The History of Latham® IRONCLAD™ Soybeans
Soybean Cyst Nematode, Iron Deficiency Chlorosis, Phytophthora Root Rot and Sudden Death Syndrome are just a few of the pests, diseases and agronomic issues that have contributed to lower yields and higher costs. Farmers, who needed protection against these agronomic issues, were hesitant to plant defensive soybean lines in fear of giving up yield.
Then in the late 1990s soybean breeding techniques were developed that could quickly identify cultivars that had sound defensive traits and were high yielding.

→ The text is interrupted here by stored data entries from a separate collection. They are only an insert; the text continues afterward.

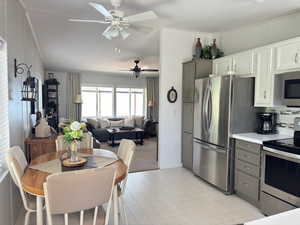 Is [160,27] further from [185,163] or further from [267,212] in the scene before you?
[267,212]

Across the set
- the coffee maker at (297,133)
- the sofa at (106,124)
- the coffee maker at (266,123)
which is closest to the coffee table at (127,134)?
the sofa at (106,124)

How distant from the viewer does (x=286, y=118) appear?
121 inches

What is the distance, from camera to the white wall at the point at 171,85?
4.14 meters

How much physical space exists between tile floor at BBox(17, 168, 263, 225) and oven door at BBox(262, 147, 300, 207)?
42 centimetres

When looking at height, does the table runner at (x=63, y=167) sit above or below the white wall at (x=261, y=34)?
→ below

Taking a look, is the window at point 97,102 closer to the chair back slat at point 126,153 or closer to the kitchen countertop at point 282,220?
the chair back slat at point 126,153

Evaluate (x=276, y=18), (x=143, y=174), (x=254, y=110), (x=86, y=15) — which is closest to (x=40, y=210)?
(x=143, y=174)

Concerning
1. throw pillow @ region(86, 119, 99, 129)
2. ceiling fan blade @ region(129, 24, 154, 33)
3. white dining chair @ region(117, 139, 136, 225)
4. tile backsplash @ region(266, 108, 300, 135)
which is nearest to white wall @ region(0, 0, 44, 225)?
white dining chair @ region(117, 139, 136, 225)

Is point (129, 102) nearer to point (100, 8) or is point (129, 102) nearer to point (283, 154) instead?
point (100, 8)

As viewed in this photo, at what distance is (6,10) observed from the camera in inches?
85.3

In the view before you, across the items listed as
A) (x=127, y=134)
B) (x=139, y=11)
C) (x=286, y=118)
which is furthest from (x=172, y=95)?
(x=127, y=134)

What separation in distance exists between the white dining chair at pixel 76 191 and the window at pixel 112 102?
7843 millimetres

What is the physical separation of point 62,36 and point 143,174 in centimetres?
328

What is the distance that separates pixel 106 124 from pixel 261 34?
5874 mm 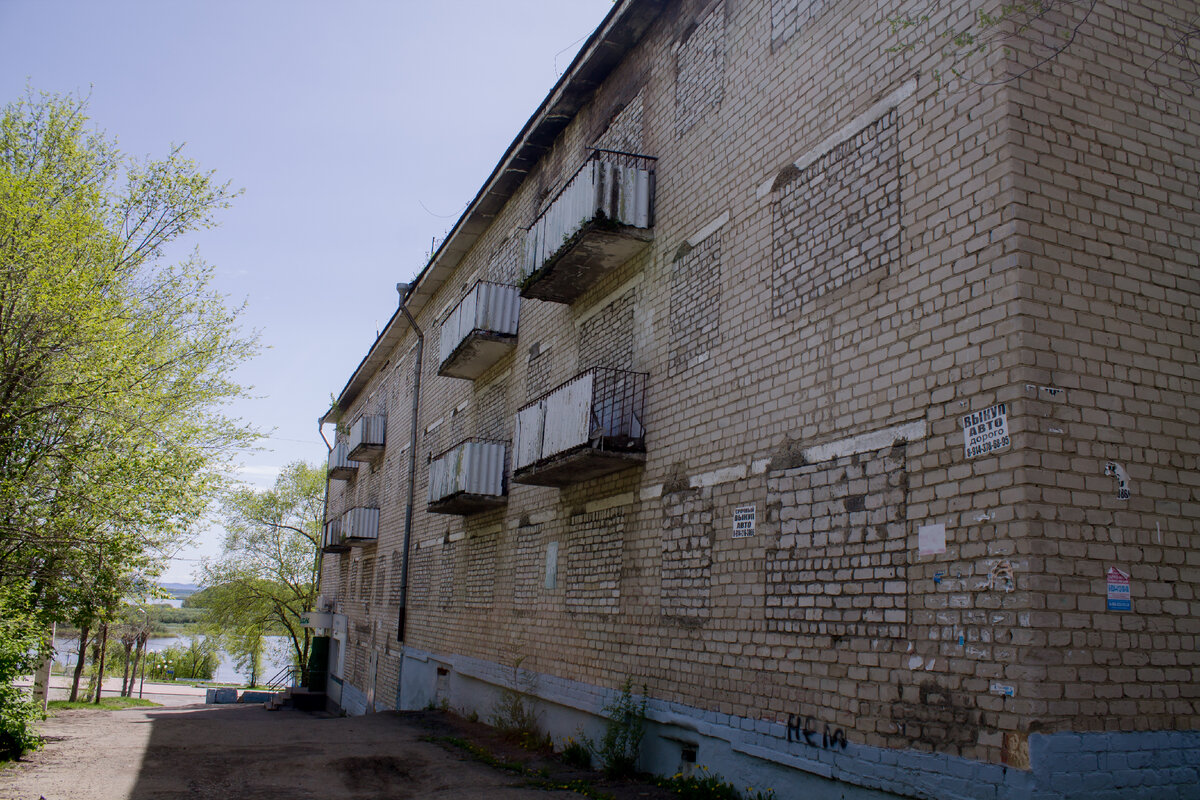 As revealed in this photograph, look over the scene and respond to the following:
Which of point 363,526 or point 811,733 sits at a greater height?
point 363,526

In 2011, Bill Latham, then head of Latham’s Research program, challenged our Soybean Product Team to find an idea or a concept that would help change the way farmers felt about defensive soybean products. Bill, an ex-Marine aviator, was a military history buff as were several other members of our team at that time. We remembered back to the pre-Civil War era when naval warships were made almost exclusively out of wood. Offensive firepower from these ships was quickly outmatching their wooden defense. Innovators at the time were quick to experiment with using iron plates over the wooden sides. Hence, the term “Ironclad” was born.
The first ever battle between two ironclads took place in 1862. The Monitor was the Union warship. The Confederacy had captured the Union ship Merrimack, plated it with iron, and renamed it the CSS Virginia. However, the battle has gone down in history as the Monitor versus the Merrimack. Although both sides claimed a victory, in essence it was a draw as neither ship could sink the other. It did, however, dramatically change the course of naval warfare. From that battle on, navies all over the globe began using metal plates over wood and eventually made their ships completely out of metal!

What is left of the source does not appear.